И не я одна это видела. Его же креатура Фрэнсис Бэкон, которого я не любила, но которым поневоле восхищалась, предостерегал его. Добивайтесь расположения государыни личной преданностью, как лорд Лестер, — убеждал он, — не войной и не поисками народной любви.
Ныне вы любимец Англии, а не английской королевы — может ли образ более опасный представиться воображению монарха, тем паче столь чувствительной женщины, как Ее Величество?»
Любимец Англии.
Верно, толпа его любила, верила, что он во всем прав. Она считала, что ее герой спас меня от заговора и выиграл войну. Его ум доказан разоблачением Лопеса, его доблесть — осадой Кадиса.
Его обожали.
Как когда-то обожали меня.
И все-таки я по-прежнему его обожала.
Как дура, как все дуры — скажите уж, как все старые дуры! — я по-прежнему за него цеплялась. Несмотря на страхи, на злость, мое глупое сердце всякий раз его прощало — спустя дни, часы, даже минуты оно оттаивало, как было с Робином… я нуждалась в нем, в его молодости и жизни, особенно теперь, когда смерть вновь перешла в наступление и скосила тех, кто заслонял меня своими телами, — одного за другим.
Я потеряла двух старых кузенов — прежде всего Хансдона, дорогого старого Гарри Кари, моего лорда- камергера, сына моей тетки Марии, затем старого советчика, сурового пуританина, но верного друга, моего родственника со стороны его жены Кэт, сестры Гарри.

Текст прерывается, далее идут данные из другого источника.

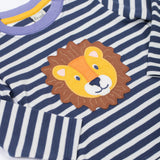 A close up of the Frugi discovery applique top in stripe/Lion available at Babipur showing the applique detail and light blue trim on the neck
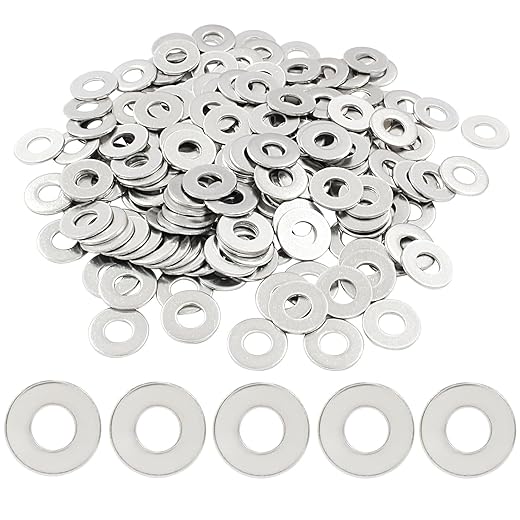 200 Pieces #6 x 3/8" Flat Washers,OD 3/8",Universal Metal Washers Stainless Flat Washers,SAE #6 Stainless Steel Metal Washer,Flat Washer for Bolts Screws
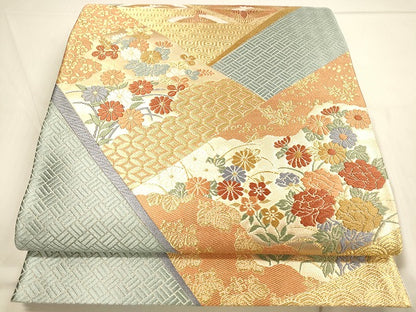 平和屋着物◎西陣　六通柄袋帯　唐織　吉祥花文　金糸　正絹　逸品　DAAK7565xg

И снова, как дура, я в полубезумии выкрикивала вслед их отлетающим душам: Как вы посмели, как посмели!» Ноллиса я назначила своим советником в день вступления на престол, Хансдона вскоре после того. Оба оставили сыновей, которые тут же заняли отцовские места и должности, добрых и верных, подобно своим родителям. Оба прожили долгую жизнь в почете и довольстве, оба умерли своей смертью, мне не из-за чего было убиваться. Однако я скорбела, и не только о себе: вслед за Робином, Хаттоном, Уолсингемом еще два звена моей золотой цепи распались навеки.
И кто теперь скажет мне правду?
Этот же год унес и третьего, и четвертого: Пакеринга, лорда-хранителя печати, и старого Кобема, хранителя пяти портов, ничем особо не выдающегося до последних трагических событий, но тем не менее незаменимого. Одиночество подступало ко мне все ближе.